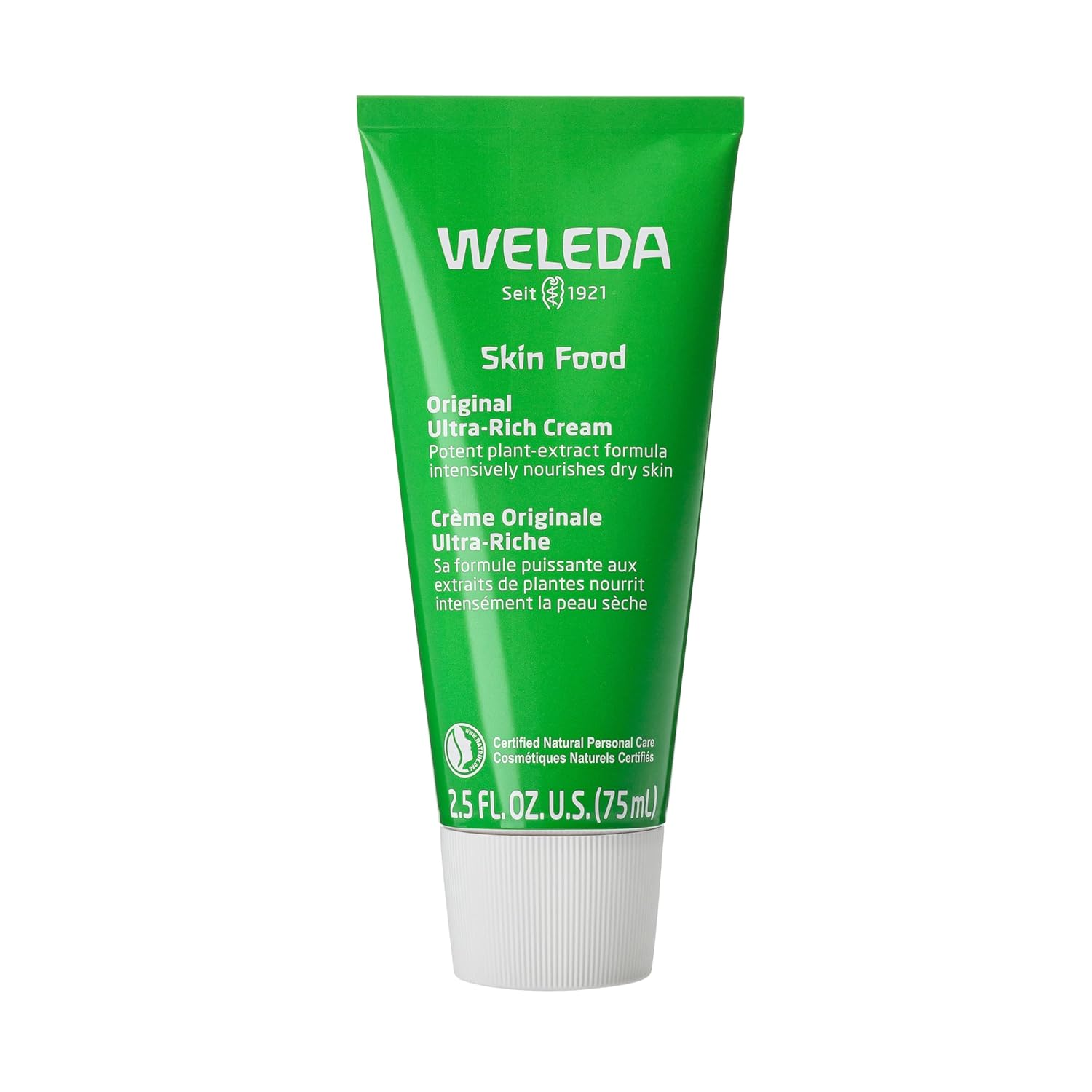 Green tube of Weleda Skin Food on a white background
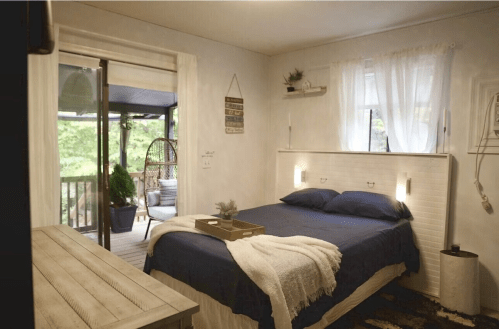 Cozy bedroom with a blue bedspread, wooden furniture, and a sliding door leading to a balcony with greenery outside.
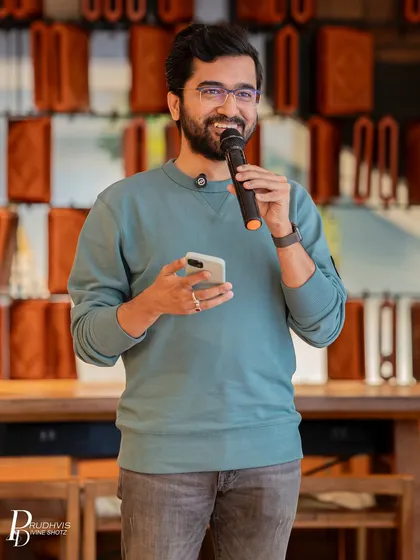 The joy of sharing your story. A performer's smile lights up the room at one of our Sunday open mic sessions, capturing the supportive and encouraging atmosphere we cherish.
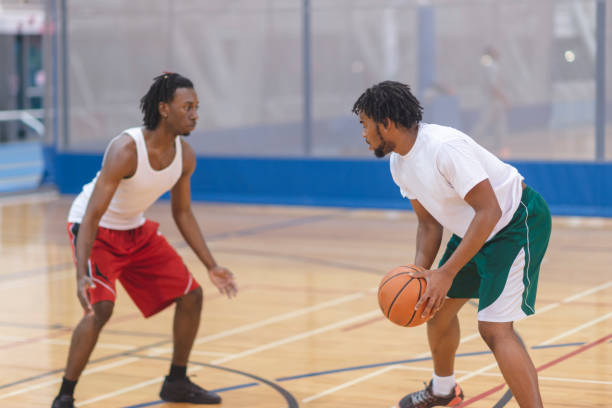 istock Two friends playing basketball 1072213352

.....

## TASK
Please print the span that begins at the line holding "The joy of sharing" and ends at the last line of the data, both ends included, with no pictures.

## RESULT BELOW
 The joy of sharing your story. A performer's smile lights up the room at one of our Sunday open mic sessions, capturing the supportive and encouraging atmosphere we cherish.
 istock Two friends playing basketball 1072213352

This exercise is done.